August is just around the corner. While this is a notoriously slow month for stocks as many institutional investors go on vacation, the market is looking for direction. There are two questions concerning investors. First, is the market at a top or is it simply taking a pause. Second, how can you position your portfolio before the market goes on its summer vacation?
With good news like this, who needs bad news?
The market reached yet another record high in late June. But while the President, and others, were tweeting about and trumpeting the strong economy, many investors were selling equities. In fact, the market went lower after a July jobs report that was by any indication a sign that the U.S. economy is still showing strength. And although the market did come back off its low, there were indications that the market could have gone even lower if it wasn’t for low volume. Here’s what the Wall Street Journal had to say about Friday’s events:
“Markets, however, slipped Friday morning because investors viewed the solid jobs report as making it less likely the Fed will cut its benchmark interest rate by a half-percentage point, though a quarter percentage point remains a possibility”.
The market wants a rate cut … badly
Market bulls are working hard to make the case that the Fed needs to be proactive now to add fuel to a rally that seems like it’s getting tired. But Federal Reserve Vice Chairman Richard Clarida has said in June “the central bank can’t be handcuffed by the markets”. Clarida cited a rate cut as akin to the markets wanting to “have their cake and eat it too”. Still, after already dashing the market’s expectations for a rate cut in June, the Federal Reserve sounds like it may not want to “disappoint the market” again. This would mean they would likely institute a quarter-point rate cut when it holds its monthly meeting in late July.
The market is waiting on the Fed, but why?
After the Federal Reserve made the decision to hold interest rates steady in June, the market has been pricing in a rate cut for July. In fact, though there are signs to the contrary, most notably the latest job report, many analysts, including Morgan Stanley, are still predicting that the Fed will cut interest rates in July. Is this just wishful thinking? Or does the market need what is being called “insurance” in case the small cracks that some are seeing in the U.S. economy become more pronounced?
And what are those cracks? Market analysts will be quick to tick off a laundry list that includes:
- Rising bond market yields – Overseas investors are buying U.S. government bonds. This is causing bond yields to rise at the same time that equities are climbing.
- A closer look at the market by sector is showing that the stocks that are growing are in defensive sectors, suggesting a flight to safety is underway.
- Key manufacturing indexes are dropping near 50 percent. Anything below 50 percent signifies contraction in factory activity.
- The trade war with China continues, and even though it appears the two sides continue to talk, the lack of specifics is causing investors to question both the timing and magnitude of a potential deal.
- After peaking in 2018, corporate profits have been in a steady decline.
But, forgive my cynicism, there’s a simpler explanation to all this. The markets are addicted to stimulus. Whether it’s quantitative easing (which the President recently said would be a good thing) or a cut in interest rates “just in case”, the markets have come to expect the lift (the high if you will) that stimulus provides to most financial markets.
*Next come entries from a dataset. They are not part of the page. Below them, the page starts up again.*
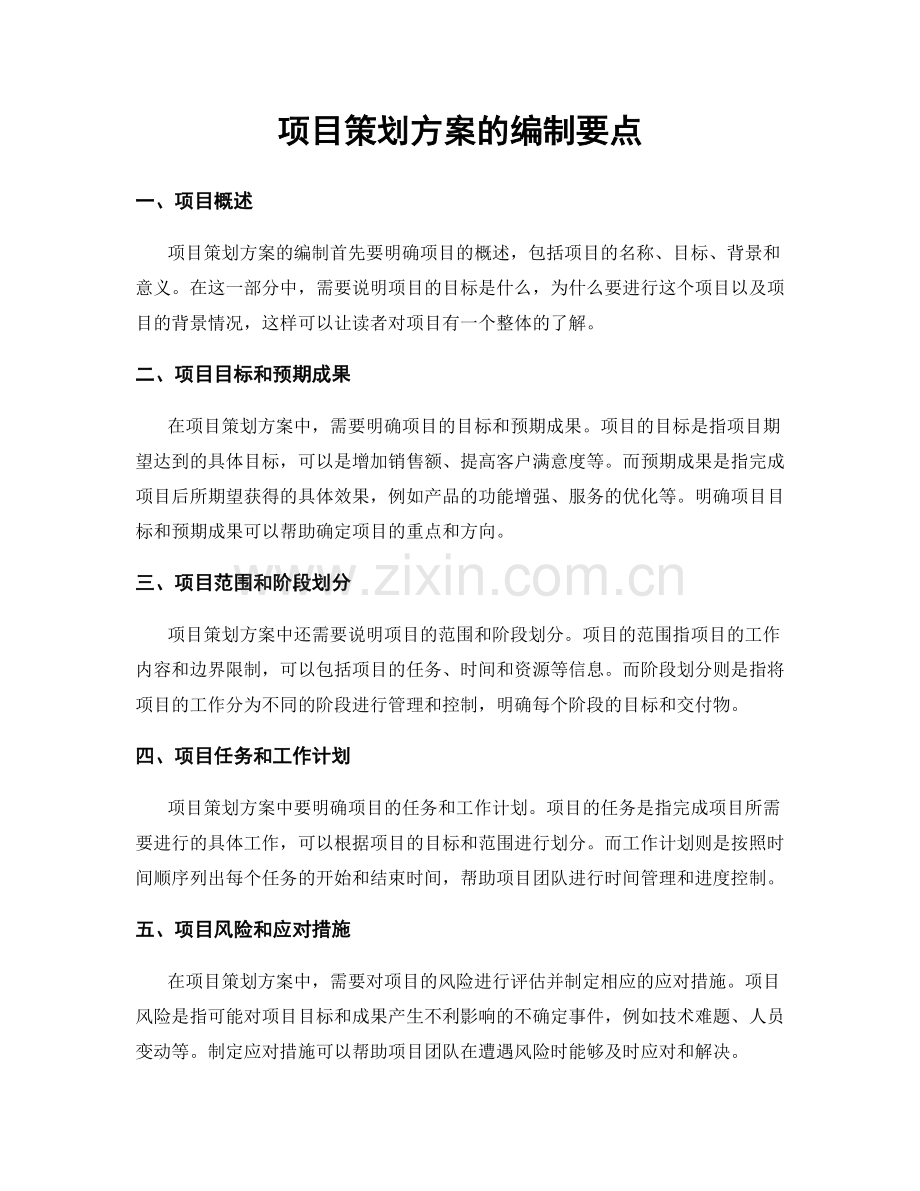 项目策划方案的编制要点.docx_第1页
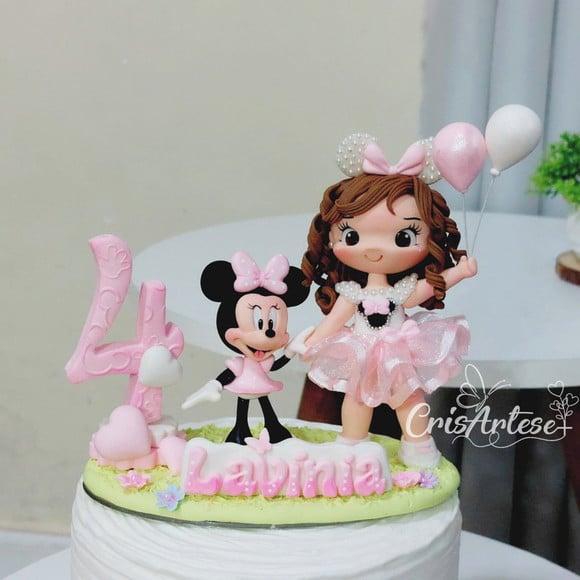 Topo de Bolo Minnie Rosa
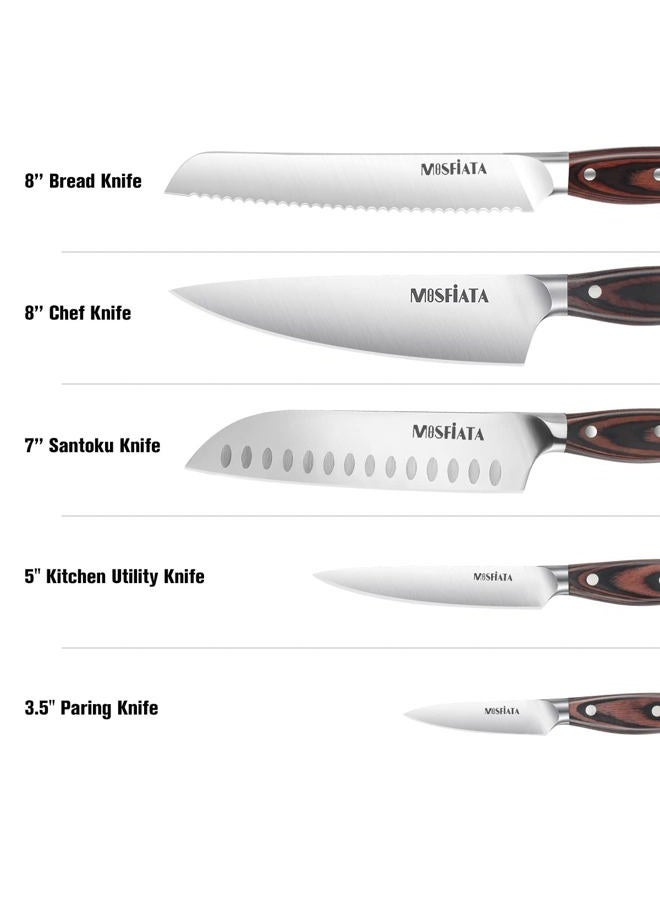 MOSFiATA Kitchen Knife Set-5Pcs, Professional Kitchen Chef's Knives with Ultra Sharp Stainless Steel Blades, Bread Knife Cooking Knives Sets (silver) - Image 2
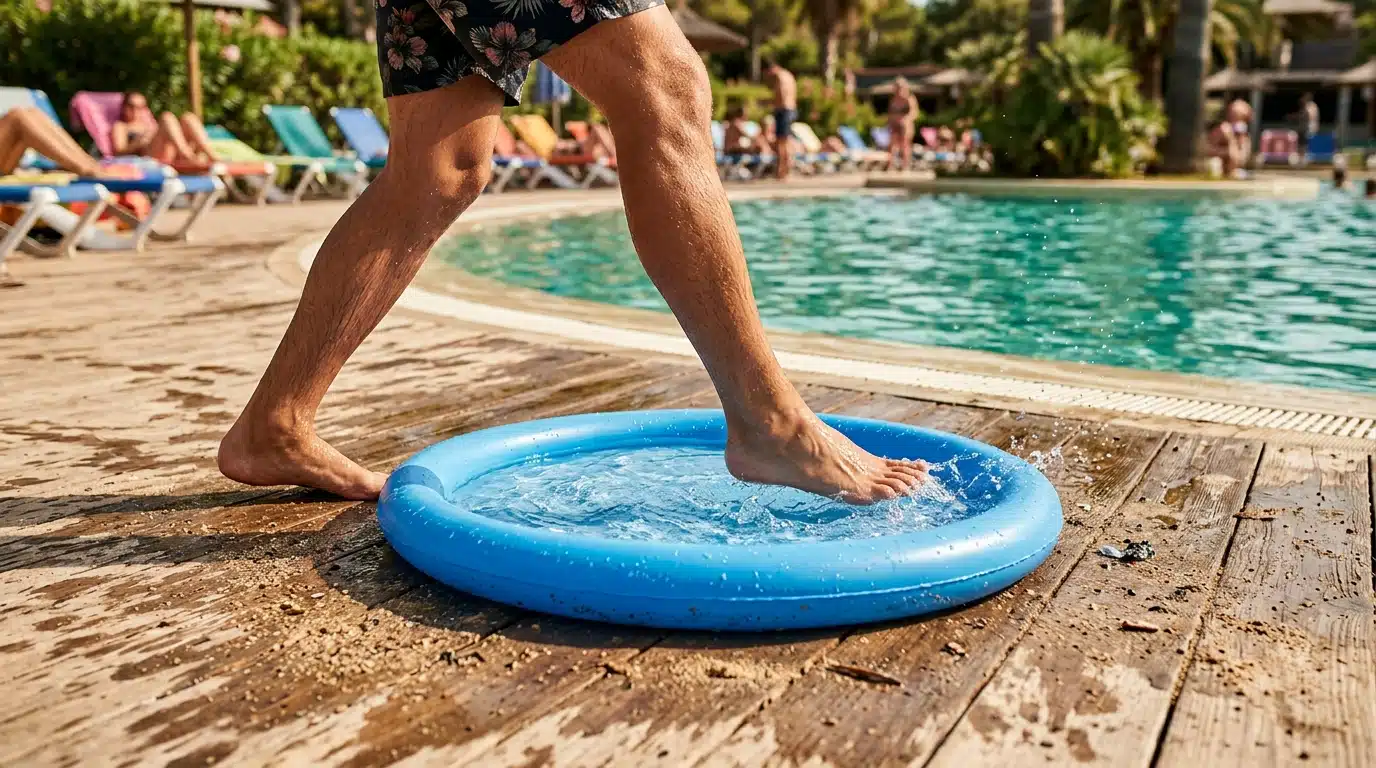 Pieds nus trempant dans un pédiluve gonflable extérieur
And, as we get ready to enter an election year, there is no question that the Executive branch wants to use any parlor trick at its disposal to ensure that the economy does not teeter into recession.
So is the stock market at a top, or just taking a pause?
The simple reality is this. If the Federal Reserve cuts rate in July, the market will go up. If they don’t, the market will go down. And even if the Fed does not cut rates in July, they have already signaled that they will cut rates at the first sign of a market slowdown. Either way, a rate cut at some point this year is a near certainty. That’s the nature of politics and the market.
As an investor, this means you have to take both a short-term and long-term view. Ultimately, the market will have to be weaned away from the stimulus. But until that happens, there is money to be made in equities, and there are a lot of stocks, including blue-chip stocks like Delta Airlines, which are selling at a P/E ratio below 10. That speaks to the idea that there is still a lot of value in the market.